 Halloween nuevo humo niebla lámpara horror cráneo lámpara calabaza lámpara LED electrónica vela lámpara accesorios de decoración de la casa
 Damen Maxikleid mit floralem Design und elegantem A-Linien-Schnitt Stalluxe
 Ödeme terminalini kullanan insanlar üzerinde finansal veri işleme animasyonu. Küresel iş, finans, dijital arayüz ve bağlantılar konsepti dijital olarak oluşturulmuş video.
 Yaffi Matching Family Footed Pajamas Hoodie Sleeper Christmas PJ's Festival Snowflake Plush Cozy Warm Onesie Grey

------------------------------------

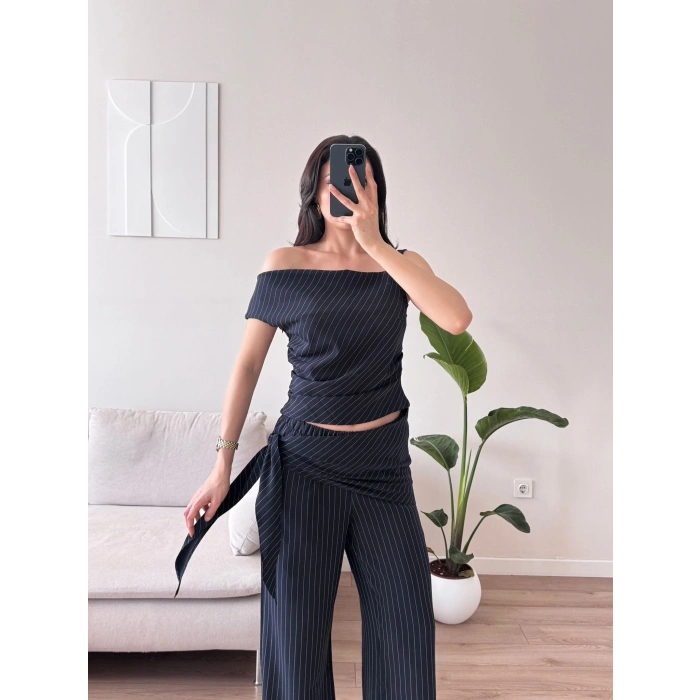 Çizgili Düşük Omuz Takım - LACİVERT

------------------------------------

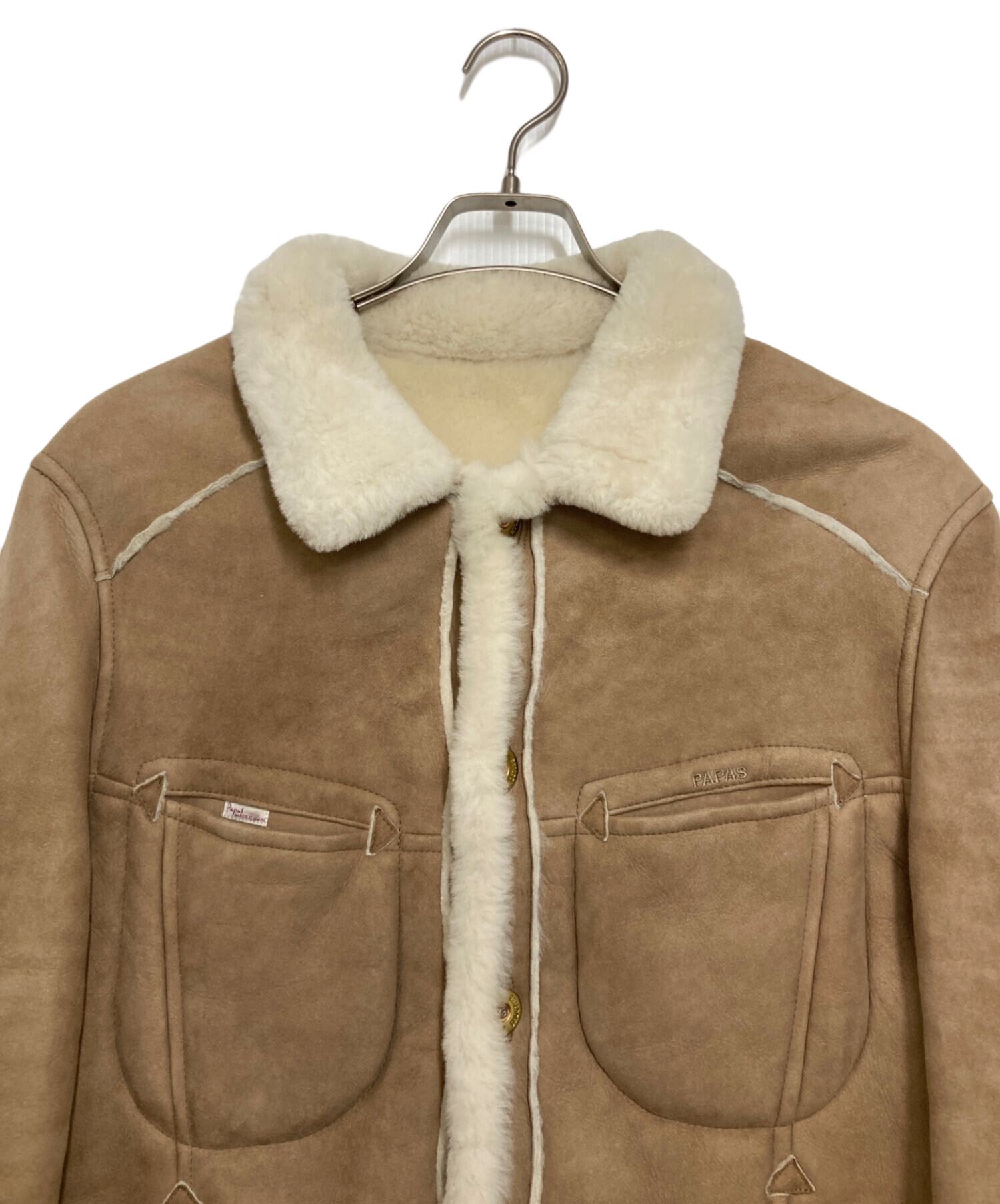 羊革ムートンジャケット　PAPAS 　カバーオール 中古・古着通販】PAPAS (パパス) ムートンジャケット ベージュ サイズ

------------------------------------

Work instruction: Within the listing above, give again exactly every line from the line with "Halloween nuevo humo" through the line with "Yaffi Matching Family", both included, and no other line.

Solution to this task:
 Halloween nuevo humo niebla lámpara horror cráneo lámpara calabaza lámpara LED electrónica vela lámpara accesorios de decoración de la casa
 Damen Maxikleid mit floralem Design und elegantem A-Linien-Schnitt Stalluxe
 Ödeme terminalini kullanan insanlar üzerinde finansal veri işleme animasyonu. Küresel iş, finans, dijital arayüz ve bağlantılar konsepti dijital olarak oluşturulmuş video.
 Yaffi Matching Family Footed Pajamas Hoodie Sleeper Christmas PJ's Festival Snowflake Plush Cozy Warm Onesie Grey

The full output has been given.